Anak Muda Pulau Bacan Dorong Literasi, Konservasi dan Ekonomi
- account_circle
- calendar_month Ming, 5 Okt 2025
- visibility 140
Bentuk Komunitas, Kampanye Lindungi Satwa, Buat Perdes dan Kelompok Tani
Suasana di kawasan zero point pusat Kota Labuha Halmahera Selatan terlihat sibuk. Jumat (11/7/2025) siang itu sejumlah anak muda tengah menyiapkan acara pendukung kegiatan Merayakan Hari Keragaman Burung Indonesia (MKBI) yang dilaksanakan LSM Burung Indonesia. Kegiatan ini adalah bagian dari Festival Konservasi Satwa Liar Maluku Utara yang digelar, bersama sejumlah komunitas yang berfokus pada isyu konservasi dan perlindungan alam.
Ini adalah adalah upaya meningkatkan kesadaran akan kekayaan jenis burung di Indonesia serta pentingnya pelestarian habitatnya. Ada beberapa kegiatan yang dilaksanakan. Mulai dari pameran foto keanekaragaman hayati burung Maluku Utara, pameran organisasi pemerhati lingkungan, pekan kreasi mewarnai kehati untuk anak, cerdas cermat konservasi satwa liar untuk SMA dan bebarapa agenda lain.

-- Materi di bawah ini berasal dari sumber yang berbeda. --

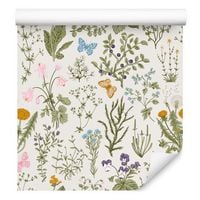 Tapeta kwiaty polne owoce motyle mlecze do jadalni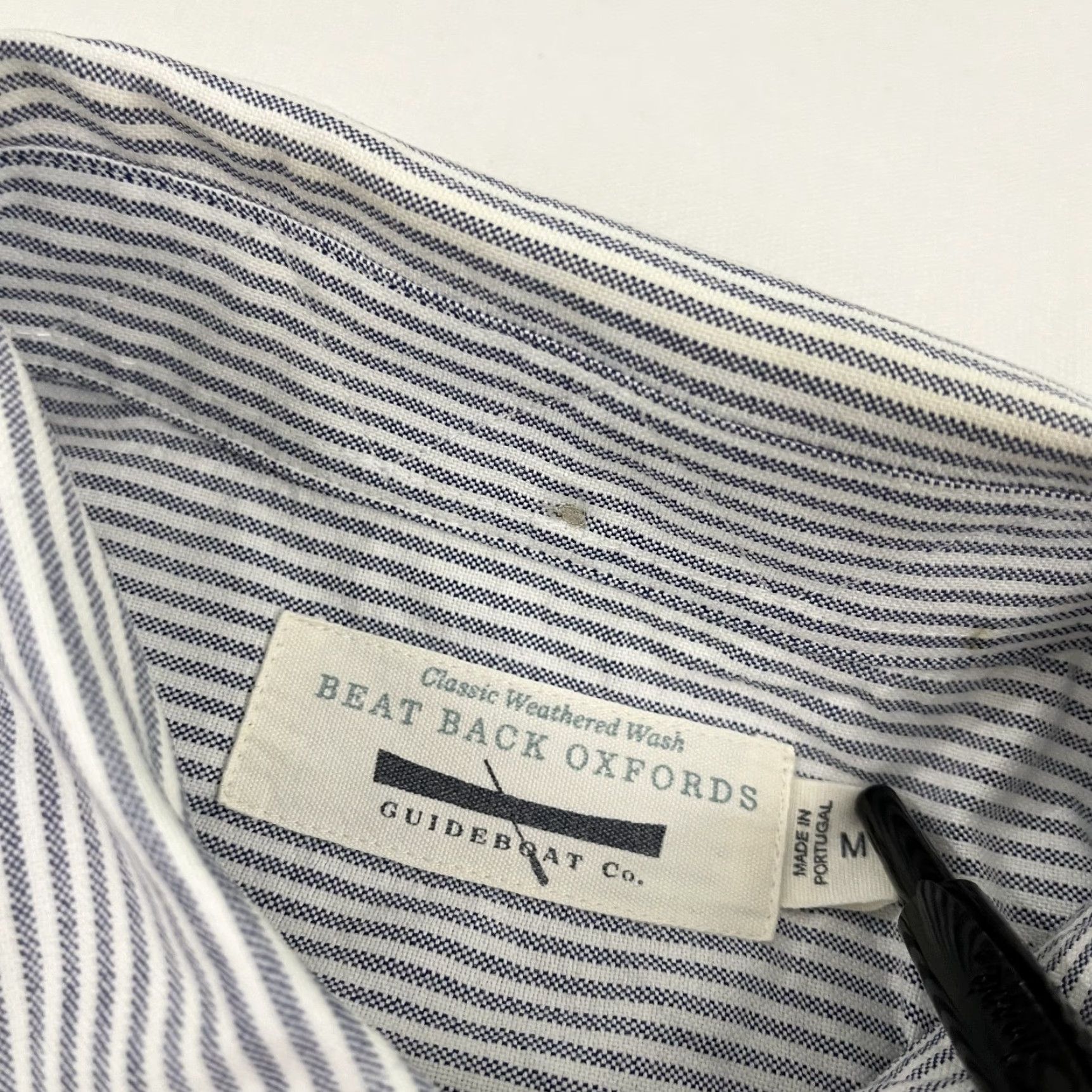CO Guideboat Co Oxford Shirt Mens Medium Blue White Striped Button-Down Back Beat Button Down) Size US M / EU 48-50 / 2 - 2 Thumbnail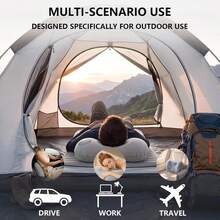 Outdoor Camping Press-Inflated U-Shaped Pillow, Neck Support Pillow, Travel Essential, Foldable Portable Flocked Inflatable Travel Pillow U-Shaped Pillow - Multicolor - View 3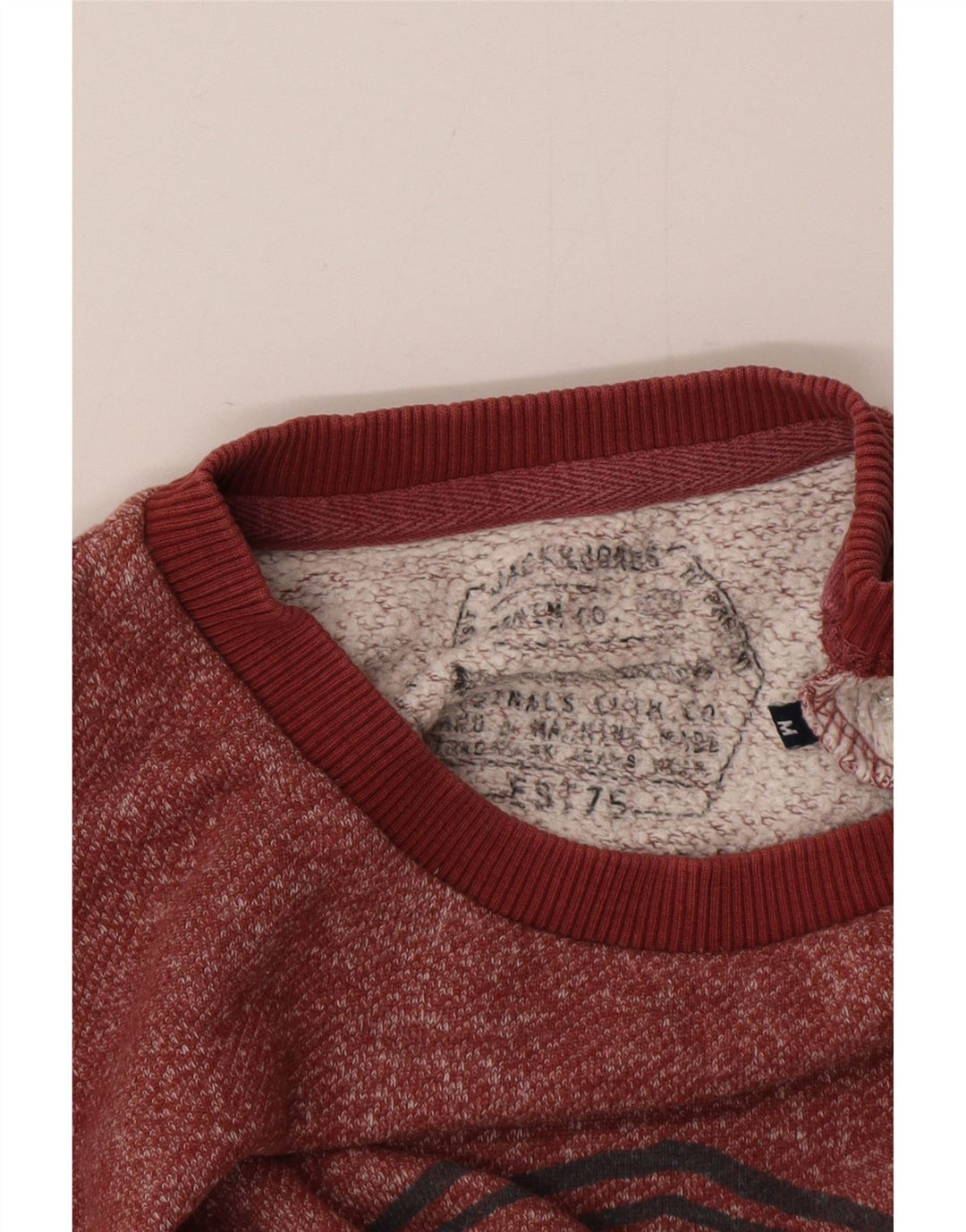 Jack & Jones Herre grafisk sweatshirt Jumper Medium Bourgogne Flecked Bomuld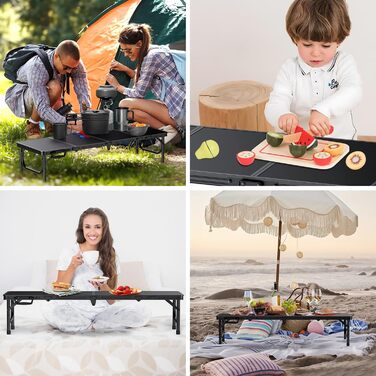 Складний кемпінговий стіл FUNYKICH 116x40x26 см, алюмінієвий, з MDF стільницею, чорний - для пікніка, пляжу, балкону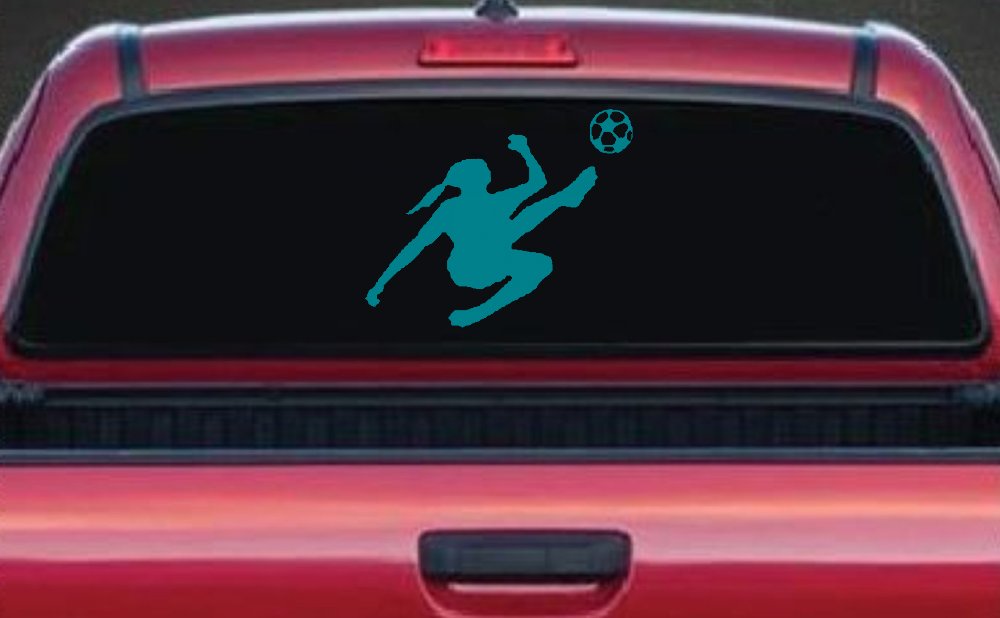 Girl Soccer Sports Car or Truck Window Decal Sticker (Turquoise Blue)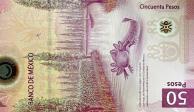 El billete de 50 pesos que presenta a un ajolote fue nombrado el mejor de 2021.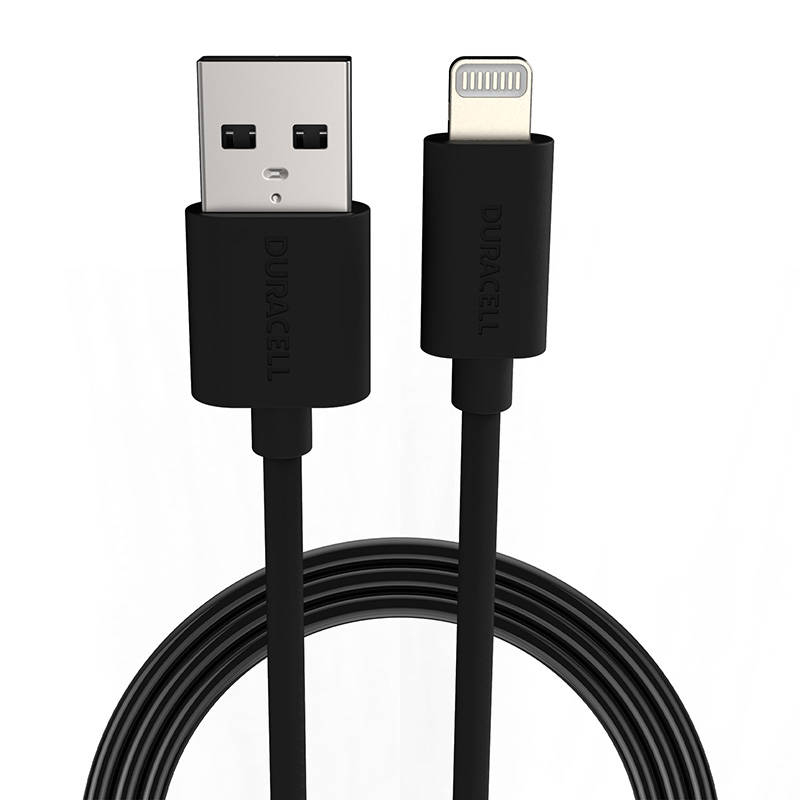 Cablu USB catre Lightning Duracell 1m (negru)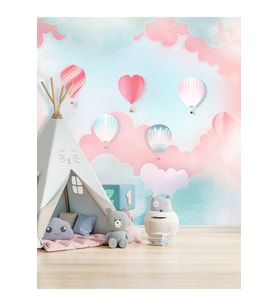 Dreamwall Uçan Balonlar Desenli Silinebilir Tekstil Duvar Kağıdı (Çok Renkli)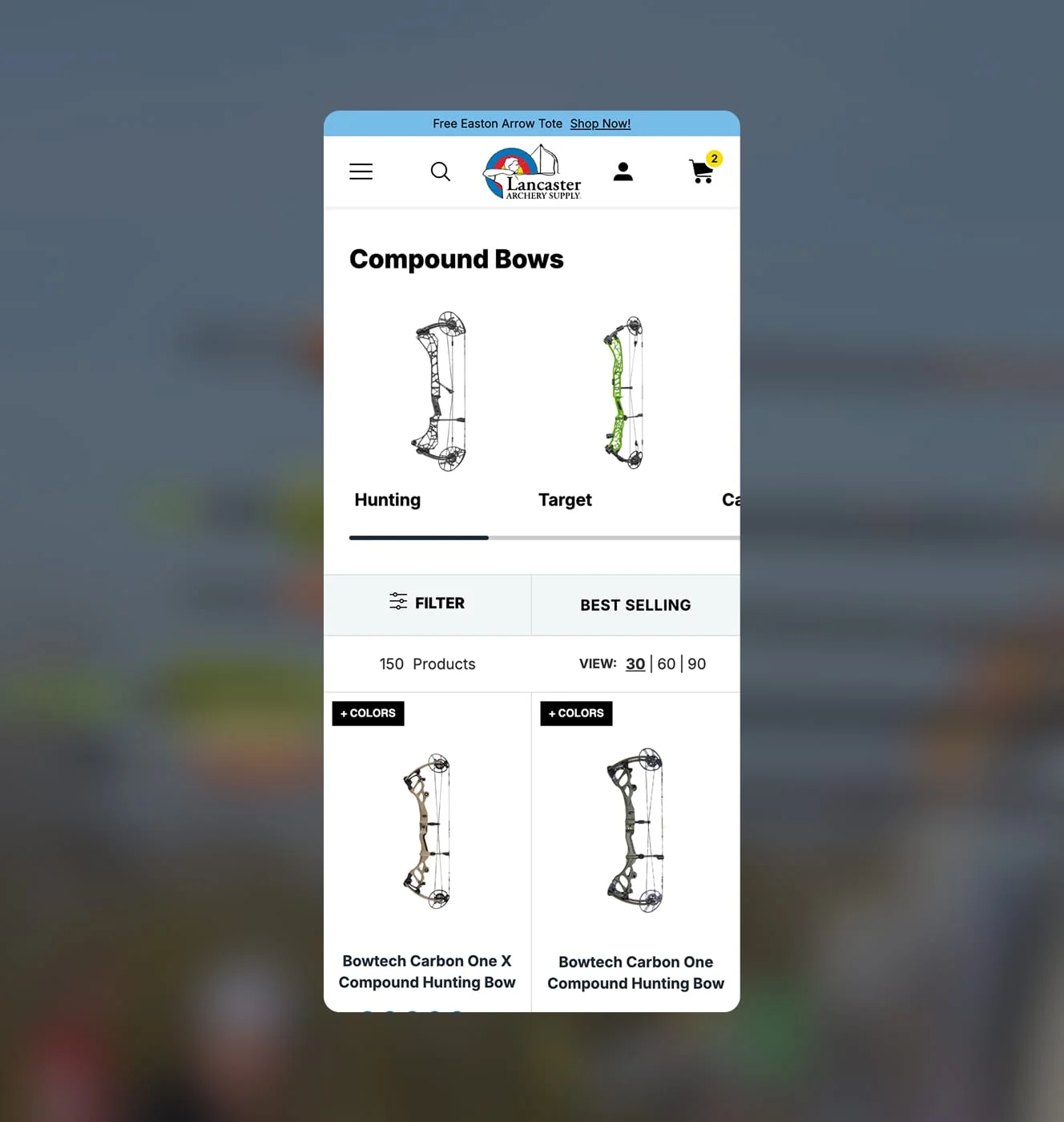 Lancaster Archery Supply compound bows collection page on mobile with category carousel and product filters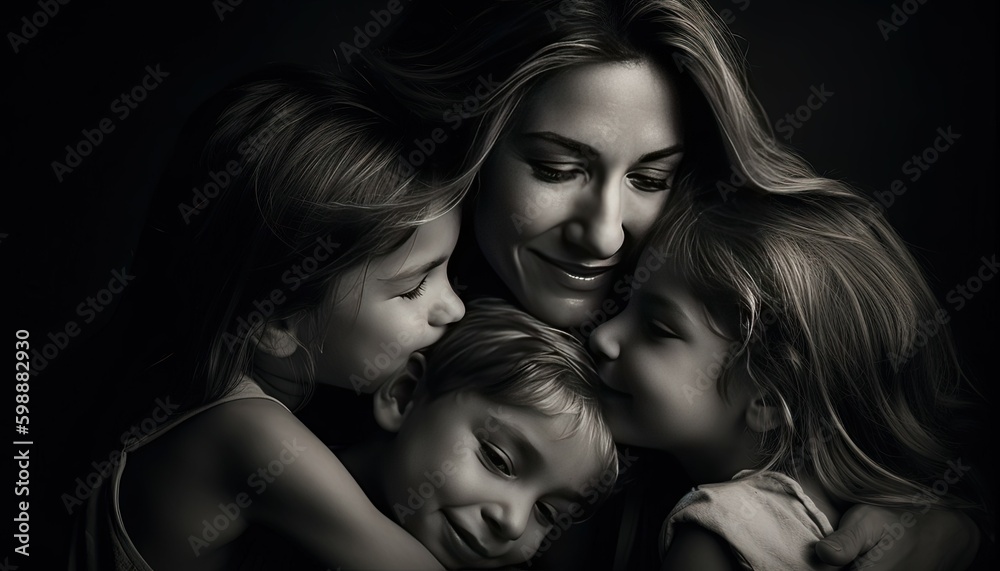 Fototapeta premium Portrait of a mother and kids, mothers day, womens day, generative ai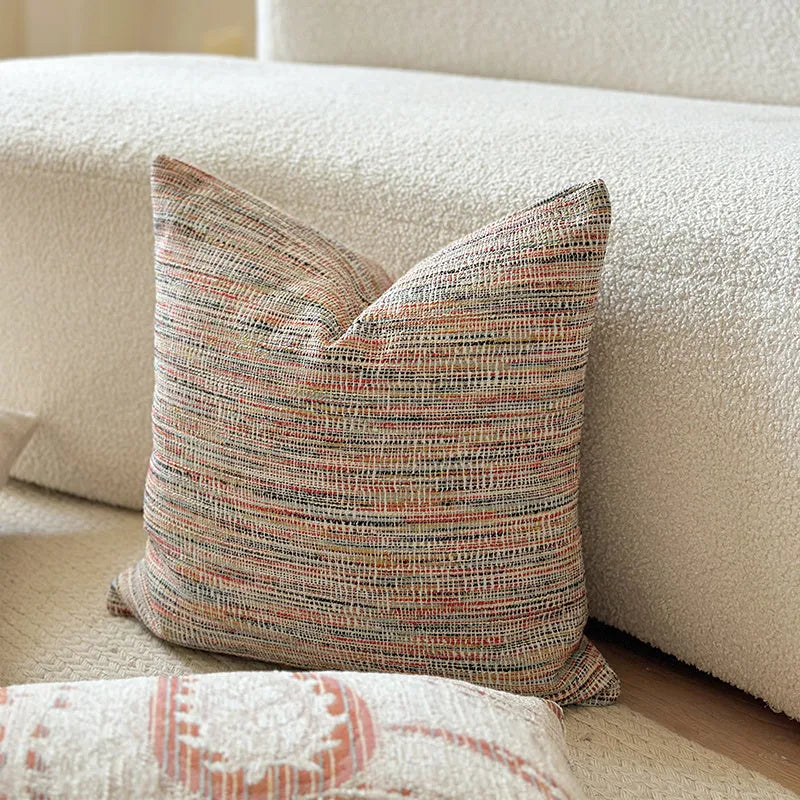 American-style jacquard sofa backrest cushion with paisley plant pattern in amber colour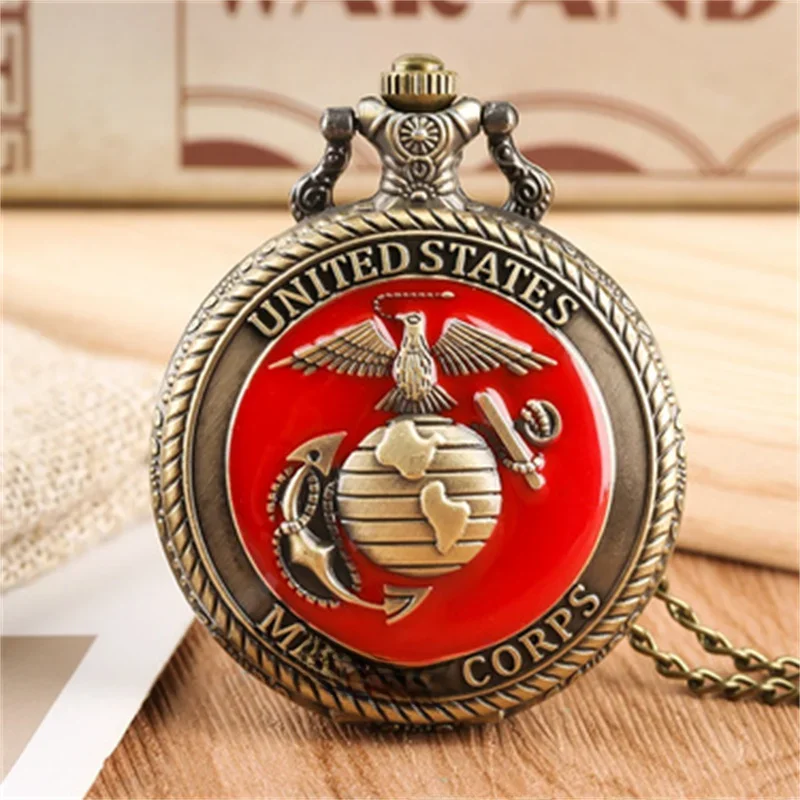 Vintage US Marine Corps tematyczny kwarcowy zegarek kieszonkowy moda czerwony naszyjnik naszyjnik pamiątkowy prezent dla dzieci szkolne — zdjęcie 2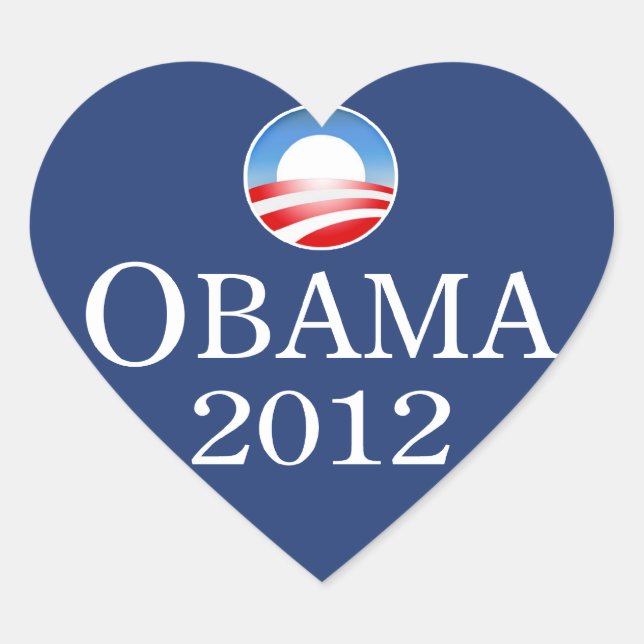 Barack Obama Sticker Coeur 2012 (Devant)
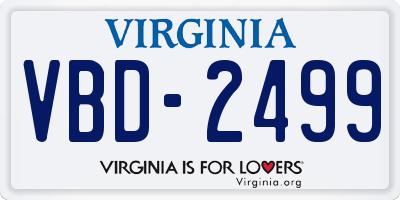 VA license plate VBD2499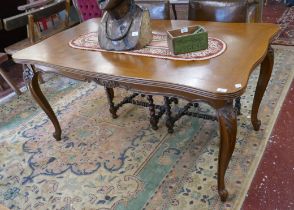 French parquetry top extending dining table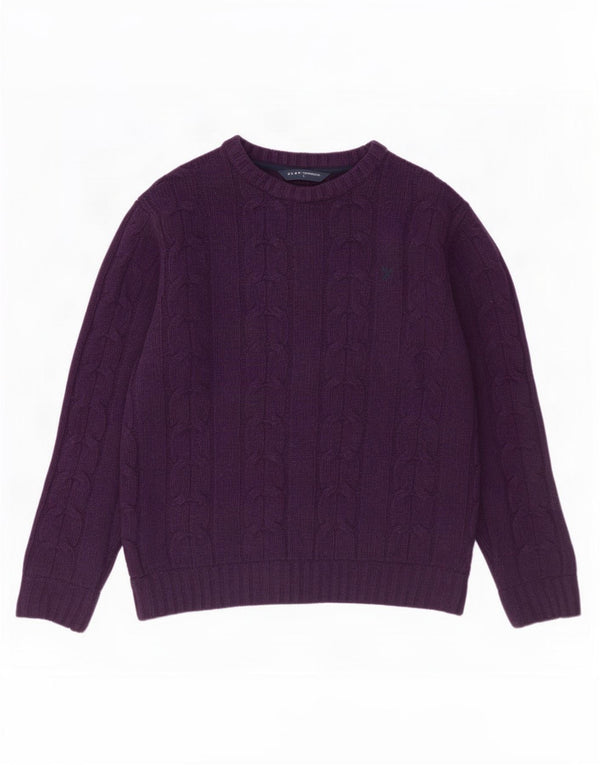 Crew Clothing Womens Boat Neck Jumper Sweater UK 16 Large Purple Lambswool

“Tujuannya memperkenalkan dan meningkatkan kesadaran masyarakat akan kekayaan jenis burung di Indonesia. Selain itu mempromosikan konservasi yakni menyampaikan pesan penting pelestarian burung dan habitatnya. Termasuk menumbuhkan rasa cinta dan apresiasi terhadap burung dan lingkungan,” kata Beny Aladin Koordinator LSM Burung Wilayah Maluku.
Dalam pelibatan komunitas, ada Komunitas Pelestarian Satwa Sibela (Kompas), yang membantu kegiatan tersebut. Kompas ini sebenarnya telah bekerja mendorong upaya penyelamatan satwa liar terutama paruh bengkok di wilayah Kawasan Cagar Alam Gunung Sibela Pulau Bacan Halmahera Selatan.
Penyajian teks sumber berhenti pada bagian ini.